I try to train simple acoustic model ( 3 words only)
and when I use the verify all script it returns the following log file:
MODULE: 00 verify training files (2008-04-30 02:41)
O.S. is case insensitive ("A" == "a").
Phones will be treated as case insensitive.
Phase 1: DICT - Checking to see if the dict and filler dict agrees with the phonelist file.

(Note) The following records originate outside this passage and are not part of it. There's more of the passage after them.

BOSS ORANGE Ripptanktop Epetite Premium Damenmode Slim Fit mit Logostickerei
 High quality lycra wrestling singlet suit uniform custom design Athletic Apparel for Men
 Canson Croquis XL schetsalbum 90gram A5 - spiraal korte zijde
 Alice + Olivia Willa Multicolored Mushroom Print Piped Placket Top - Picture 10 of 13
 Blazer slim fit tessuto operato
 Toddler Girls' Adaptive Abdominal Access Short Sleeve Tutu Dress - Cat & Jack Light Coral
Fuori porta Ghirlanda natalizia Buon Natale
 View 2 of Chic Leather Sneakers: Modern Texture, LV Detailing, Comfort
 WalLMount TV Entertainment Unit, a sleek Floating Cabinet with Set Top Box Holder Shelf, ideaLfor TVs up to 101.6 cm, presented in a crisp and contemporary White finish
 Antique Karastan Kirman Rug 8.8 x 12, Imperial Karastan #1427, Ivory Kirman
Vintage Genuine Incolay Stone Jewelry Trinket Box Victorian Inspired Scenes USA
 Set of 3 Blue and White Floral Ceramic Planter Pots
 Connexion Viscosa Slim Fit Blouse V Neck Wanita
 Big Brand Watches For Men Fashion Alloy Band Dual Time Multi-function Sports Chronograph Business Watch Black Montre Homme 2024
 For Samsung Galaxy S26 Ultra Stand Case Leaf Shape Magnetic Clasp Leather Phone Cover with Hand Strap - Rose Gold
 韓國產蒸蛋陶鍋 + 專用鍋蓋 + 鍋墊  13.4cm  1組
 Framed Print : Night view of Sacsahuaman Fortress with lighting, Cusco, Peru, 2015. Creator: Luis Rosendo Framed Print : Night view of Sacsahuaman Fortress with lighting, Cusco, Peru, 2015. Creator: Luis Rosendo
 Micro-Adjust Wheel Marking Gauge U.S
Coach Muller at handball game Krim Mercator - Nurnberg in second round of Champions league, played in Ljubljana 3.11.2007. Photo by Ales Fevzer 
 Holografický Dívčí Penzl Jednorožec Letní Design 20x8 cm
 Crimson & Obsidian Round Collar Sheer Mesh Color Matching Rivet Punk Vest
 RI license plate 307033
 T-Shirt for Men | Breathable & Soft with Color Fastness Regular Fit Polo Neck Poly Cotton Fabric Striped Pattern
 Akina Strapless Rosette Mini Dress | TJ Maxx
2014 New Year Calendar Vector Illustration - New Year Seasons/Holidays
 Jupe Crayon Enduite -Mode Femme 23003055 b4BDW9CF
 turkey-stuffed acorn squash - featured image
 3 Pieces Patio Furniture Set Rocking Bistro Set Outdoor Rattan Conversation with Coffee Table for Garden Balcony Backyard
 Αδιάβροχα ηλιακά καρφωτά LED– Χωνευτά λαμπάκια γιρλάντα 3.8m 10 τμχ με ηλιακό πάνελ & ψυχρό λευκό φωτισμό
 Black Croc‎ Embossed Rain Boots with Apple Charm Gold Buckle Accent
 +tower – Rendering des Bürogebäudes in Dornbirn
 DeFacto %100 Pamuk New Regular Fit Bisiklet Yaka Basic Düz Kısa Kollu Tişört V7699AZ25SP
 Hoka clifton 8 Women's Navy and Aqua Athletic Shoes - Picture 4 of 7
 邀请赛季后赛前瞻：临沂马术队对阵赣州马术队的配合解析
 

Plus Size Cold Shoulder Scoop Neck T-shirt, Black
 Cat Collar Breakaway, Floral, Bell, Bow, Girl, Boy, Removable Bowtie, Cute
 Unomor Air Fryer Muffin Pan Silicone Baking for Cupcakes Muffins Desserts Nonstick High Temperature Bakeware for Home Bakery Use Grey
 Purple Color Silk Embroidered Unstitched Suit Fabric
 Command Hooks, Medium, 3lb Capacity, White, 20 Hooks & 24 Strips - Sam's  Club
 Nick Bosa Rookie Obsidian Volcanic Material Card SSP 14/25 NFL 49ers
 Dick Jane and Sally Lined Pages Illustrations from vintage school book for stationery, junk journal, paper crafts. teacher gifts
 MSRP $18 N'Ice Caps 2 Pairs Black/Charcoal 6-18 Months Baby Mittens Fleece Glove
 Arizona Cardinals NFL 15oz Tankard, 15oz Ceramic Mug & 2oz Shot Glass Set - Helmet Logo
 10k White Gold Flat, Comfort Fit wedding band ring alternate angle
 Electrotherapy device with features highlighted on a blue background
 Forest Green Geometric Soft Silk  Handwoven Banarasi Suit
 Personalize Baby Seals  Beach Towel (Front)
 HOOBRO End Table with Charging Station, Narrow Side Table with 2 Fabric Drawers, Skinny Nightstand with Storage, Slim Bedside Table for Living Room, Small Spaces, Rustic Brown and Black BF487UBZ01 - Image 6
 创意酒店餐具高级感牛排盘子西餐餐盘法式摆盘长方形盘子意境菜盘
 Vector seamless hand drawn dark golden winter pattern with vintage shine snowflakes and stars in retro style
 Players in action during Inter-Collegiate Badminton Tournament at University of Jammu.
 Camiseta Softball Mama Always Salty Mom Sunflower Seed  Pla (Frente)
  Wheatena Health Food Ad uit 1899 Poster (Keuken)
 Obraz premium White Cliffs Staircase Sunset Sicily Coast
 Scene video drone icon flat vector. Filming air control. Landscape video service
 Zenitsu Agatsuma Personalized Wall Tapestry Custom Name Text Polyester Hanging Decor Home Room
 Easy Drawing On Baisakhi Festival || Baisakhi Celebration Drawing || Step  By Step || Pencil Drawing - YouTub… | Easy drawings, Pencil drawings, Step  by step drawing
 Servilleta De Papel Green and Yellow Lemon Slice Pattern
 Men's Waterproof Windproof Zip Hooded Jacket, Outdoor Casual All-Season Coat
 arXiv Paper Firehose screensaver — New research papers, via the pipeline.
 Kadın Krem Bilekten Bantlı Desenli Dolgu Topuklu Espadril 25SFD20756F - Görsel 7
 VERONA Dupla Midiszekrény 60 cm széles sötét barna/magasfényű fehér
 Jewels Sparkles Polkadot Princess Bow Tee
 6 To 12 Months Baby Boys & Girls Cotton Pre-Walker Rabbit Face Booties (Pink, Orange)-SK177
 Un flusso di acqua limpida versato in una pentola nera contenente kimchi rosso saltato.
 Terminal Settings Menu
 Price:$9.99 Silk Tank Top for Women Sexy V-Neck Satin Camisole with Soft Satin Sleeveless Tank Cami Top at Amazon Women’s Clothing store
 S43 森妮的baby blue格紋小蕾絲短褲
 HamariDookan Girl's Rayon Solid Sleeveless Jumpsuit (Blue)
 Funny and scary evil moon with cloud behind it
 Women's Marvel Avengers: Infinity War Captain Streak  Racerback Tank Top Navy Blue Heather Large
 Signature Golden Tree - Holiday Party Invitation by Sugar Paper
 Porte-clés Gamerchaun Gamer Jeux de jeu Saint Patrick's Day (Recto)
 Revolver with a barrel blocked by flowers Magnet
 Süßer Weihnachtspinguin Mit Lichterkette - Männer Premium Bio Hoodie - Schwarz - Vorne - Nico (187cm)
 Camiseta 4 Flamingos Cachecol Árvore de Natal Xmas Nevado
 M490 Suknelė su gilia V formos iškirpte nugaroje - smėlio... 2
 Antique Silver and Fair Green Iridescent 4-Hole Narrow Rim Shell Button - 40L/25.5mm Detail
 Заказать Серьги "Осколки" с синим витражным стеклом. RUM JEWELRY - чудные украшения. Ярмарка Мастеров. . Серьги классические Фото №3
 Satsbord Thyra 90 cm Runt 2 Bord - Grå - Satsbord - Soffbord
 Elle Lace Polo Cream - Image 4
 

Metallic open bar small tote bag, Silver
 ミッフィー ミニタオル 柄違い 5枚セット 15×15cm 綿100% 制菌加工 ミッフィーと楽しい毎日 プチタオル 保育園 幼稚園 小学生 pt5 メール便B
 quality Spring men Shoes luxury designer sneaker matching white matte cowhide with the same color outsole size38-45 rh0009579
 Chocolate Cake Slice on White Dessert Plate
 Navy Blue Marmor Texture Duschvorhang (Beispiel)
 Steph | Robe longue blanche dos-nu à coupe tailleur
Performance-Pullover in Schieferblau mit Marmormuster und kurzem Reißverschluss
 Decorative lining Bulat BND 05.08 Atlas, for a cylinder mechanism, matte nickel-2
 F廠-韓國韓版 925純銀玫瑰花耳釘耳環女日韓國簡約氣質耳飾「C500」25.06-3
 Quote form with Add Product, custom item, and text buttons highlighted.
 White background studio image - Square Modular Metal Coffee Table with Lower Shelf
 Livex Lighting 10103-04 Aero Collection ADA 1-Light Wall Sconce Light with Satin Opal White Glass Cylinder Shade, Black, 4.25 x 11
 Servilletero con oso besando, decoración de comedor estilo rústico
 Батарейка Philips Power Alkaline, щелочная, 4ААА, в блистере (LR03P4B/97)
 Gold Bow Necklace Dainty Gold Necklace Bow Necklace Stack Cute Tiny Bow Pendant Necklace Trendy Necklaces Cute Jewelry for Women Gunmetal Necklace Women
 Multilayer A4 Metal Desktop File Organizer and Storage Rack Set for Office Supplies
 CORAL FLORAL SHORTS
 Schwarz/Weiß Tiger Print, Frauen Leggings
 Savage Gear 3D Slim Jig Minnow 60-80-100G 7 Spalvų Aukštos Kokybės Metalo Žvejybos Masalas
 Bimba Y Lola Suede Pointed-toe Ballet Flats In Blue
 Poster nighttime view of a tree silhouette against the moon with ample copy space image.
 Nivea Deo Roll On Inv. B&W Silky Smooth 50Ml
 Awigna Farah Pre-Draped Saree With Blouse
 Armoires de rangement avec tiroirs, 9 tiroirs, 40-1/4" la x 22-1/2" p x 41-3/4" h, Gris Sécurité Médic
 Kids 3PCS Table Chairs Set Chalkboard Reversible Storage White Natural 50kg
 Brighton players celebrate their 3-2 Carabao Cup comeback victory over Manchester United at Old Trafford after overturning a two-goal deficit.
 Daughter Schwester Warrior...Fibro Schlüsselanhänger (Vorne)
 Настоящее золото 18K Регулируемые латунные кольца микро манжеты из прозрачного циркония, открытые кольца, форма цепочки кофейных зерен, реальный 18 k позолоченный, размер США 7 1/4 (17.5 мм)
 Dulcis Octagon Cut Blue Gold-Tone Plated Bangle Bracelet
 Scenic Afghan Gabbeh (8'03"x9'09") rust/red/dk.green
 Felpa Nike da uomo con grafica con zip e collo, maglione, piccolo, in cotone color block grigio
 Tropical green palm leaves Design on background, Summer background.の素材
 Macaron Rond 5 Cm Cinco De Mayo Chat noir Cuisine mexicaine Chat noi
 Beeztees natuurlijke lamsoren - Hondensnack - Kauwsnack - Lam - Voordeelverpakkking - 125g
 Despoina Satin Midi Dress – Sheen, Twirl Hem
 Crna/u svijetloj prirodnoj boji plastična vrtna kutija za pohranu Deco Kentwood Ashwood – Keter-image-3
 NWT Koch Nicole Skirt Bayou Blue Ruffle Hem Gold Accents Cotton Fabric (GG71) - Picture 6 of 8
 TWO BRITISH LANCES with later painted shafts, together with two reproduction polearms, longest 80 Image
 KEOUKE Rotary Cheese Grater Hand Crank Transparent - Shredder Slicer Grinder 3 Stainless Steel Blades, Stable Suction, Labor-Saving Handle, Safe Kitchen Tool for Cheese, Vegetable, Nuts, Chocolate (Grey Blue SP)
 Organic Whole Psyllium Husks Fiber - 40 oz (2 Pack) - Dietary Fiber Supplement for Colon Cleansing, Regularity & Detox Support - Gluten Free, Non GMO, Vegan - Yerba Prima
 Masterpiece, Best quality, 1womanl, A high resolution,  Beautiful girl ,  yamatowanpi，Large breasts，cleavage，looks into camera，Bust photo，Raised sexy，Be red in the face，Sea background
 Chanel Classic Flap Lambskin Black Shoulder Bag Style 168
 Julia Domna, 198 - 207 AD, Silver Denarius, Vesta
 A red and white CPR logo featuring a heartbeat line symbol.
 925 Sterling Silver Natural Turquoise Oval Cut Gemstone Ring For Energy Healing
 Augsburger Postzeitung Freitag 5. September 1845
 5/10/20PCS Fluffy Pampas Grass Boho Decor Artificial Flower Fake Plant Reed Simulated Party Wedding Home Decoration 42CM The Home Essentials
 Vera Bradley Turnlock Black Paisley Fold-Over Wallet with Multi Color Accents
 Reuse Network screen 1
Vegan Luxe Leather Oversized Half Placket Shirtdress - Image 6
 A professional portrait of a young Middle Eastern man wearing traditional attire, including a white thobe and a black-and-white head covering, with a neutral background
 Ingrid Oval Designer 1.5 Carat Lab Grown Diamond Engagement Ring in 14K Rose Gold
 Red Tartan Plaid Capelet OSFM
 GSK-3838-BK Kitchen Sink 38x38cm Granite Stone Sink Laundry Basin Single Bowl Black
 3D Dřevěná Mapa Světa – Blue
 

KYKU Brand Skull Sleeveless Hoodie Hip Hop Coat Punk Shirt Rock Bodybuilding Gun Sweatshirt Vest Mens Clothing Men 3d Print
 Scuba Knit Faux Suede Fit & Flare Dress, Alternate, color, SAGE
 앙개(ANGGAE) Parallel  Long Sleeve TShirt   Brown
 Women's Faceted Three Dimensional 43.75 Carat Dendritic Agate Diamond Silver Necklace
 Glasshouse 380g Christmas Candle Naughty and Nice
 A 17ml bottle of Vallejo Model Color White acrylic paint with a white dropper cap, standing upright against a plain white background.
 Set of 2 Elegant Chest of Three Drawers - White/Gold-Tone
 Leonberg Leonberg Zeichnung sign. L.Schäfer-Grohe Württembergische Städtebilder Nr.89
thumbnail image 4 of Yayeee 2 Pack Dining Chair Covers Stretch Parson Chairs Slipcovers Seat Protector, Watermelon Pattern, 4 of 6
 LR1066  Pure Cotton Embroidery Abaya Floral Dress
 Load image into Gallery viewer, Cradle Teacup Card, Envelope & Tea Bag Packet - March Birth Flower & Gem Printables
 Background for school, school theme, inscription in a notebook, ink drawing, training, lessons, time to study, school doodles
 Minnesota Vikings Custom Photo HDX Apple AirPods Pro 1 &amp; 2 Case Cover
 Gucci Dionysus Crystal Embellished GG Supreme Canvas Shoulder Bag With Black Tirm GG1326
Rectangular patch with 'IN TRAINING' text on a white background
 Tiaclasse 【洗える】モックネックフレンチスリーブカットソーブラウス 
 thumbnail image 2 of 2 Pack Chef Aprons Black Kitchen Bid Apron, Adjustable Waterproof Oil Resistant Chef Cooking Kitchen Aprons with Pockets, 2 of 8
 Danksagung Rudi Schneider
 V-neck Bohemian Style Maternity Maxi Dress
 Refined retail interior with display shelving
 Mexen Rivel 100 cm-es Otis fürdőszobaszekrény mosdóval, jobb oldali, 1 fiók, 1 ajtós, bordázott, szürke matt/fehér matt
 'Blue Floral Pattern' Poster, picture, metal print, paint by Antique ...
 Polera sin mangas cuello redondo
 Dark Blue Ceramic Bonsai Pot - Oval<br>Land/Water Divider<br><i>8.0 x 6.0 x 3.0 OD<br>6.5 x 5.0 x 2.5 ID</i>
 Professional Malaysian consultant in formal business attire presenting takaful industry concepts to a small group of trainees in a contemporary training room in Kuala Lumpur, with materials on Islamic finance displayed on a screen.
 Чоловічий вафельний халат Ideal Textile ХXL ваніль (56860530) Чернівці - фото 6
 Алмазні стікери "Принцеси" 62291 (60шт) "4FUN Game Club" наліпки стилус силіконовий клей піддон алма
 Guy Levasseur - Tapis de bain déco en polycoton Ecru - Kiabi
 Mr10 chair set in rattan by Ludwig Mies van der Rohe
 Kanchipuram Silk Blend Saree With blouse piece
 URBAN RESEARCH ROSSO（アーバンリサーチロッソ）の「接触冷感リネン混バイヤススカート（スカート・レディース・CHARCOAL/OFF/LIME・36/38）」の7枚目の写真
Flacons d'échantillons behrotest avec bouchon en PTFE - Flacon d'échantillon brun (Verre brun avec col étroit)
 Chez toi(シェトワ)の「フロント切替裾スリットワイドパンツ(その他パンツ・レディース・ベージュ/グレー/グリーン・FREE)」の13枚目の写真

Found 6 words using 9 phones
passed
Phase 2: DICT - Checking to make sure there are not duplicate entries in the dictionary
passed
Phase 3: CTL - Check general format; utterance length (must be positive); files exist
passed
Phase 4: CTL - Checking number of lines in the transcript should match lines in control file
passed
Phase 5: CTL - Determine amount of training data, see if n_tied_states seems reasonable.
Total Hours Training: 0.00180683760683761
This is a small amount of data, no comment at this time
WARNING
Phase 6: TRANSCRIPT - Checking that all the words in the transcript are in the dictionary
Words in dictionary: 3
Words in filler dictionary: 3
WARNING: This word: hasan was in the transcript file, but is not in the dictionary ( hasan ). Do cases match?
WARNING: This word: hasan was in the transcript file, but is not in the dictionary ( hasan ). Do cases match?
FAILED
Phase 7: TRANSCRIPT - Checking that all the phones in the transcript are in the phonelist, and all phones in the phonelist appear at least once
WARNING: This phone (HA) occurs in the phonelist (E:/SphinxTrain/first/etc/first.phone), but not in any word in the transcription (E:/SphinxTrain/first/etc/first_train.transcription)
WARNING: This phone (HN) occurs in the phonelist (E:/SphinxTrain/first/etc/first.phone), but not in any word in the transcription (E:/SphinxTrain/first/etc/first_train.transcription)
WARNING: This phone (SA) occurs in the phonelist (E:/SphinxTrain/first/etc/first.phone), but not in any word in the transcription (E:/SphinxTrain/first/etc/first_train.transcription)
FAILED
and my dictinary is:
hasan HA SA HN
?alii ?A LI II
?alaa ?A LA A
my phonelist (first.phone) is:
SIL
HA
SA
HN
?A
LI
II
LA
A
my first.transcription file is:
<s> hasan (hsn-01)
<s> ?alii (hsn-02)
<s> ?alaa (hsn-03)
<s> hasan (alaa-01)
<s> ?alii (alaa-02)
<s> ?alaa (alaa-03)
If you would like to refer to this comment somewhere else in this project, copy and paste the following link:
I try to train simple acoustic model ( 3 words only)
and when I use the verify all script it returns the following log file:
MODULE: 00 verify training files (2008-04-30 02:41)
O.S. is case insensitive ("A" == "a").
Phones will be treated as case insensitive.
Phase 1: DICT - Checking to see if the dict and filler dict agrees with the phonelist file.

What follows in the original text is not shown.